Figure 8 depicts the overview of SPA architecture. The main controller completes the control of instruction decoding, routing of data, interaction with the data loader & dispatcher, sub-controllers, and the overall pipeline scheduling. The data loader transfers off-chip data, including weights and IAs, to the on-chip IA buffers and the weight buffers. The data dispatcher provides the computing resources with a certain volume of IAs and weights according to the dataflow. Besides, the CL engine, which processes CLs, is composed of IA buffers, weight buffers, the multi-banked psum buffer, the computing engine and the post processing unit (the green part). Furthermore, SPA has an independent FCL engine specialized for the processing of FCLs.
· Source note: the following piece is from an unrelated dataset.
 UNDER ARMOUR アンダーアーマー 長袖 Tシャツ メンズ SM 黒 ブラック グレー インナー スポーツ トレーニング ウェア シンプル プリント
In CLs, weights and IAs are represented by 6 bits (1 bit for sign and 5 bit for magnitude) and 15 bits, respectively. We divide the 15-bit IA into three 5-bit parts and compute them separately with three



Figure 8 (Color online) Overall architecture of SPA.

SPSC-TVMs, then the results are shifted and summed to obtain the final output. We call this design SPSC-TVM-3. We use TSGs to convert weights and USGs to convert IAs. Because all weights are known during compile time after training, we can pair weights to satisfy the magnitude constraint.
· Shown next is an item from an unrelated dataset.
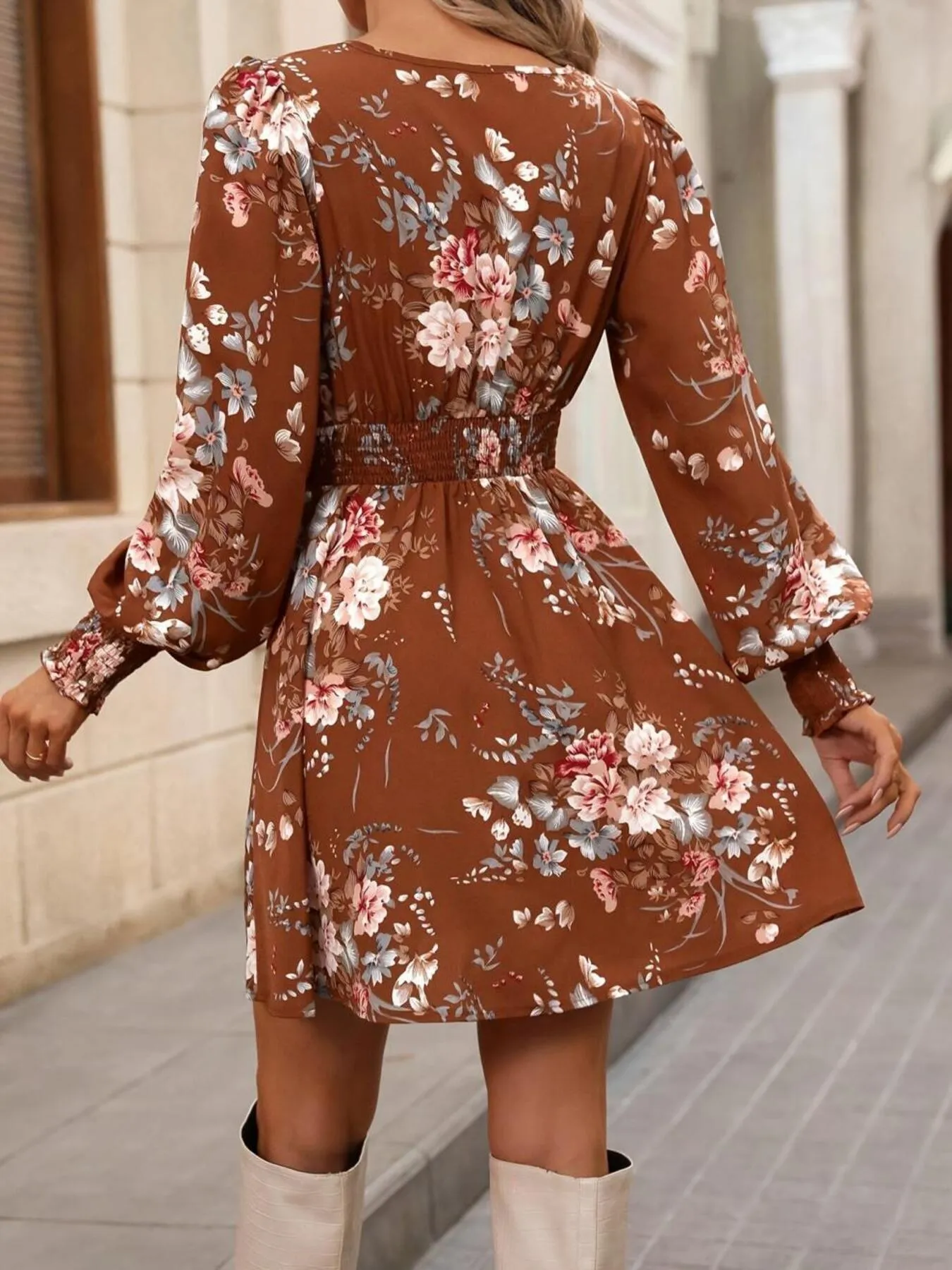 Floral Long Sleeve Mini Dress with Smocked Waist - Image 3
#### 6.2 SPSC-based multi-function computing engine

The main goal of SPA is to exploit the low-cost properties of the proposed SPSC and provide smooth processing of reconfigurable and sparse CNNs. Therefore, the design of an efficient and flexible computing engine is important.

In this design, we set  $T_{\rm IA}$  to 16 and  $T_{\rm C}$  to 32, and a computing core (CC) has 16 SPSC-TVM-3s. Moreover, 16 accumulators (Acc\_BUF in line 18, Figure 7) are provided for 16 SPSC-TVM-3s to perform the accumulation of psums. To amortize the overhead of TSGs over 16 SPSC-TVM-3s, only one weight pair is sent to CC at one time, and then encoded by two TSGs and broadcast to 16 SPSC-TVM-3s. In this way, each SPSC-TVM-3 only cost 1/16 logic resources of two TSGs. Because the USG cost zero logic resources, 32 IAs are freely encoded by 32 USGs and fed to CC in parallel.
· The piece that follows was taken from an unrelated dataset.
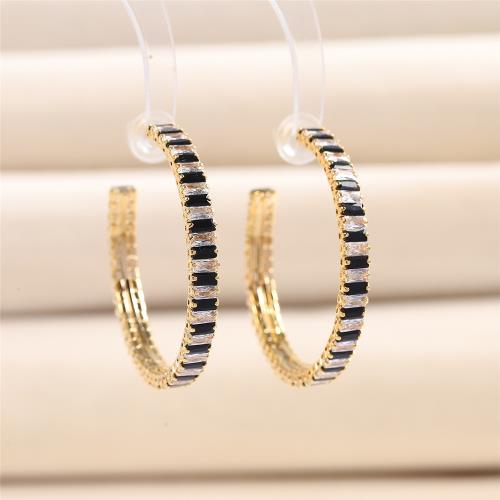 潮流新品大號圓圈黑白拼接鋯石造型耳環耳釘時尚氣質義烏飾品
To increase the parallelism, we implement two CCs named CC\_E and CC\_O, respectively. Moreover, both CC\_E and CC\_O can perform some specialized operations. In Subsection 5.3, we have broken the calculation of the CL into many workloads, each of which has  $T_C$  weights to be processed. For a weight channel vector and its corresponding IAs,  $C/T_C$  workloads are split into the even part and the odd part, which are assigned to CC\_E and CC\_O, respectively. And each CC obeys the proposed SCPP dataflow. When both the CC\_E and CC\_O complete their respective workloads, 16 psums stored in the accumulators of CC\_E need to be added to 16 psums stored in the accumulators of CC\_O. This operation is performed by the reconfigurable accumulators of CC\_O. In addition, CC\_O also completes the read-and-write operation of the multi-banked Psum buffer.

The coordinate generator consisting of four pipelined fixed-point dividers, some counters, and comparators generates addresses for psums and write-enable signals for the multi-banked Psum buffer, according to (9).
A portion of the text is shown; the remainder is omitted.